The three films (none of which is directed by a Japanese director) share a sensibility for a specifically Japanese sense of alienation and isolation, investigated in the 2004 film “Tony Takitani” by director Jun Ichikawa (from the novel by Haruki Murakami). In “Interior Design,” the girl has to literally re-define herself so she makes sense in her new urban home. In “Merde,” the sewer-dweller defiantly kills and maims citizens in total detachment and isolation from society, like a human Godzilla who is always separate. He sneers, “I don’t like innocent people.”
In “Shaking Tokyo,” a man who holds his isolation from society up as almost an artform, shatters through his self-enforced chrysallis of a home in order to connect with another, with so much internal intensity as to “cause” earthquakes. It is this upbeat connection in “Shaking Tokyo” which made it necessary to place it last in the sequence. More than the other shorts, it leaves the audience feeling hopeful.
The conventions the directors use are at once viscerally compelling and touching. Whether wooden legs or flaming hair or shaking ground, “Tokyo!” speaks to how we are formed, or form ourselves, or just disappear, in the urban setting.
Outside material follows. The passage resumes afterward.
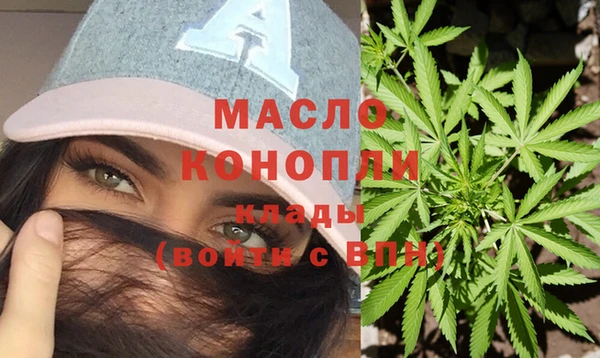 стаф Беломорск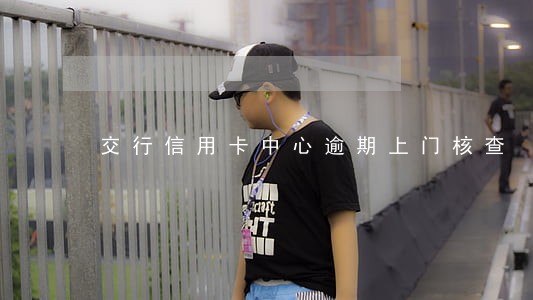 交行信用卡中心逾期上门核查 交行信用卡中心逾期上门核查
Hiding behind some of the absurdities of the films ("Interior Design” alludes to ghosts between the buildings) are dramatic statements of longing, aloneness and human need. In “Merde,” a Japanese judge says “we don’t like racist foreigners in Japan,” which makes one wonder how contributory the Japanese are to this void in its own as well.
Through it all, the film is kept bouyant and light via its quirkiness and odd sensibilities. After all, it’s difficult to fully identify with characters this strange. There is a cartoonishness about their personalities which matches the cartoon image of the Tokyo skyline in the title sequence at the beginning and end of the film.
It is currently screening at the Nuart Theatre on Santa Monica Boulevard through March 27.